-------- DATASET RECORDS
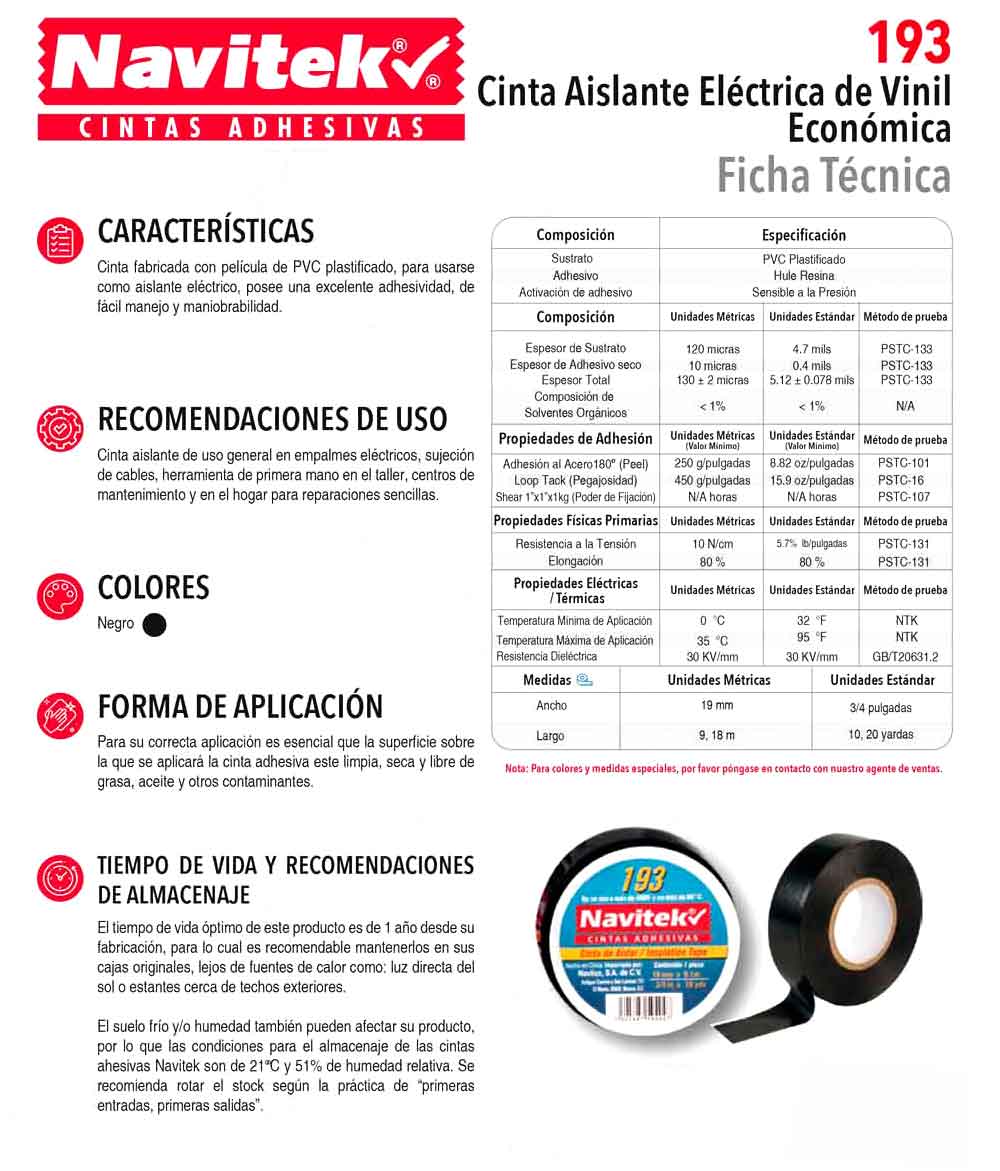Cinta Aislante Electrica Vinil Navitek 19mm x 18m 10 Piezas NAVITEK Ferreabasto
----------------
-------- DATASET RECORDS
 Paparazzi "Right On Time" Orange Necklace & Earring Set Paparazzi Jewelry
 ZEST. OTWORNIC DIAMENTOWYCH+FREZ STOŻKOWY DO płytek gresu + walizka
----------------
-------- DATASET RECORDS
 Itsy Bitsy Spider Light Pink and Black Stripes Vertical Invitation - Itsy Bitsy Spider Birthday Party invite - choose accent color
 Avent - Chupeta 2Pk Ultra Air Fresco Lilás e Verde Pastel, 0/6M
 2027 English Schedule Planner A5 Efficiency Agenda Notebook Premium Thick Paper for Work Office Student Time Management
----------------
THE TASK: Retype the portion of the data above that starts on the line with "Avent - Chupeta" and finishes on the line with "2027 English Schedule", including both of those lines.

YOUR SOLUTION:
 Avent - Chupeta 2Pk Ultra Air Fresco Lilás e Verde Pastel, 0/6M
 2027 English Schedule Planner A5 Efficiency Agenda Notebook Premium Thick Paper for Work Office Student Time Management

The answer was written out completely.